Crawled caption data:
-*-

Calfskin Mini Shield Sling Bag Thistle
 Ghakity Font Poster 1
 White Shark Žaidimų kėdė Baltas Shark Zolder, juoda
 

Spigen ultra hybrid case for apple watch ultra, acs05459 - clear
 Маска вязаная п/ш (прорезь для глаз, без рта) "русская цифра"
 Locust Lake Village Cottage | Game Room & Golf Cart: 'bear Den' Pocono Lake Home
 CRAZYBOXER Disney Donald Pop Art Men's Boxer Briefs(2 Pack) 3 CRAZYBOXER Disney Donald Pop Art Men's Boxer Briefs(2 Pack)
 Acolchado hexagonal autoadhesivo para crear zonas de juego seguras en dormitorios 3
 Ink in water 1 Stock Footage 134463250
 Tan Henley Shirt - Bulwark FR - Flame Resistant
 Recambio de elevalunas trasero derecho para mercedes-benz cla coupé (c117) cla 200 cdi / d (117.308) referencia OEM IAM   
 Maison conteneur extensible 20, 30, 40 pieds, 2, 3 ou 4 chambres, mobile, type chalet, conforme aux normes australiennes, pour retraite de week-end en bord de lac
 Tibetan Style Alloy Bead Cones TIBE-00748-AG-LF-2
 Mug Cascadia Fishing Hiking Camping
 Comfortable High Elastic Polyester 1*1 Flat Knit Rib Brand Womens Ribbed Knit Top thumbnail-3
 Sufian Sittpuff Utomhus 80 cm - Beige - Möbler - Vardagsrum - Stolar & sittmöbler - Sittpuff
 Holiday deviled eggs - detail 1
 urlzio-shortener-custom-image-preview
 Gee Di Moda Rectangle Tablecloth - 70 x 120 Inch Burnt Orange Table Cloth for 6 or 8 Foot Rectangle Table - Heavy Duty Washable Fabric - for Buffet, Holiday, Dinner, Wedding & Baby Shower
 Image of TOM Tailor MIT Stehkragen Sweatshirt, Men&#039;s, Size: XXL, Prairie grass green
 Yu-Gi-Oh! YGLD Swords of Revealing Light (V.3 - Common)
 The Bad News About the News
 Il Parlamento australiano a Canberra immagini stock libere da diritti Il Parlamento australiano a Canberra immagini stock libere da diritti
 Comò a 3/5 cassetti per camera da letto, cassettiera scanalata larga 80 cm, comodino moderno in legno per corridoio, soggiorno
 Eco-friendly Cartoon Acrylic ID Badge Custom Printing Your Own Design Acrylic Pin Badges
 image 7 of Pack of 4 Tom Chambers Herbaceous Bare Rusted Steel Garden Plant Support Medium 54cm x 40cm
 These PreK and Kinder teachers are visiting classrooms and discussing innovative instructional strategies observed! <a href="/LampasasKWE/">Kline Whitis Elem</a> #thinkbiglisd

-*-

Could you print, exactly and with nothing else, the lines from the one containing "Yu-Gi-Oh! YGLD Swords" through the last line of the records above?

 Yu-Gi-Oh! YGLD Swords of Revealing Light (V.3 - Common)
 The Bad News About the News
 Il Parlamento australiano a Canberra immagini stock libere da diritti Il Parlamento australiano a Canberra immagini stock libere da diritti
 Comò a 3/5 cassetti per camera da letto, cassettiera scanalata larga 80 cm, comodino moderno in legno per corridoio, soggiorno
 Eco-friendly Cartoon Acrylic ID Badge Custom Printing Your Own Design Acrylic Pin Badges
 image 7 of Pack of 4 Tom Chambers Herbaceous Bare Rusted Steel Garden Plant Support Medium 54cm x 40cm
 These PreK and Kinder teachers are visiting classrooms and discussing innovative instructional strategies observed! <a href="/LampasasKWE/">Kline Whitis Elem</a> #thinkbiglisd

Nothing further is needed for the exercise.